BEGIN DATA

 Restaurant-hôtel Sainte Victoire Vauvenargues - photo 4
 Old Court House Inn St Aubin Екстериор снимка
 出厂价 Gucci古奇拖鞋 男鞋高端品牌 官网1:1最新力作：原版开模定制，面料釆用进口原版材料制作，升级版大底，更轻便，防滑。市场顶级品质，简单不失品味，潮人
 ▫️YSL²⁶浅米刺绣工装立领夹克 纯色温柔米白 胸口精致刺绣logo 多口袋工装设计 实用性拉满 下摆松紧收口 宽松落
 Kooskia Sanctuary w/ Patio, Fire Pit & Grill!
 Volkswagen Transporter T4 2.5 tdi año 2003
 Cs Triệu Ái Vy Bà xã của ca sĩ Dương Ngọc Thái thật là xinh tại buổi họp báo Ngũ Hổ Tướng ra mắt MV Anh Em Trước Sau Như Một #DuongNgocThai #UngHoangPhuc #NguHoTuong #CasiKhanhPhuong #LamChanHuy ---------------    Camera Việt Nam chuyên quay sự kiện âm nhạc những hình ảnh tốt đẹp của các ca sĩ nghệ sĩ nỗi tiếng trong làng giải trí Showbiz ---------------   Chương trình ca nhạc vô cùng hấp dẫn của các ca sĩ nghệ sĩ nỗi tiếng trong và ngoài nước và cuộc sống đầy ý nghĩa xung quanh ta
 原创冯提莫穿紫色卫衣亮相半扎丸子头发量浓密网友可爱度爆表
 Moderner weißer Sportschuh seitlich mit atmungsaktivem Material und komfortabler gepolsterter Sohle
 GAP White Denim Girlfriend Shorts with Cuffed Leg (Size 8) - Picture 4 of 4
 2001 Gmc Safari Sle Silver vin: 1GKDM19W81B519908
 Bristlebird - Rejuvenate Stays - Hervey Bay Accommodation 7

END DATA

> AIM OF THE EXERCISE
From the data above, output every line exactly.

> TASK OUTPUT
 Restaurant-hôtel Sainte Victoire Vauvenargues - photo 4
 Old Court House Inn St Aubin Екстериор снимка
 出厂价 Gucci古奇拖鞋 男鞋高端品牌 官网1:1最新力作：原版开模定制，面料釆用进口原版材料制作，升级版大底，更轻便，防滑。市场顶级品质，简单不失品味，潮人
 ▫️YSL²⁶浅米刺绣工装立领夹克 纯色温柔米白 胸口精致刺绣logo 多口袋工装设计 实用性拉满 下摆松紧收口 宽松落
 Kooskia Sanctuary w/ Patio, Fire Pit & Grill!
 Volkswagen Transporter T4 2.5 tdi año 2003
 Cs Triệu Ái Vy Bà xã của ca sĩ Dương Ngọc Thái thật là xinh tại buổi họp báo Ngũ Hổ Tướng ra mắt MV Anh Em Trước Sau Như Một #DuongNgocThai #UngHoangPhuc #NguHoTuong #CasiKhanhPhuong #LamChanHuy ---------------    Camera Việt Nam chuyên quay sự kiện âm nhạc những hình ảnh tốt đẹp của các ca sĩ nghệ sĩ nỗi tiếng trong làng giải trí Showbiz ---------------   Chương trình ca nhạc vô cùng hấp dẫn của các ca sĩ nghệ sĩ nỗi tiếng trong và ngoài nước và cuộc sống đầy ý nghĩa xung quanh ta
 原创冯提莫穿紫色卫衣亮相半扎丸子头发量浓密网友可爱度爆表
 Moderner weißer Sportschuh seitlich mit atmungsaktivem Material und komfortabler gepolsterter Sohle
 GAP White Denim Girlfriend Shorts with Cuffed Leg (Size 8) - Picture 4 of 4
 2001 Gmc Safari Sle Silver vin: 1GKDM19W81B519908
 Bristlebird - Rejuvenate Stays - Hervey Bay Accommodation 7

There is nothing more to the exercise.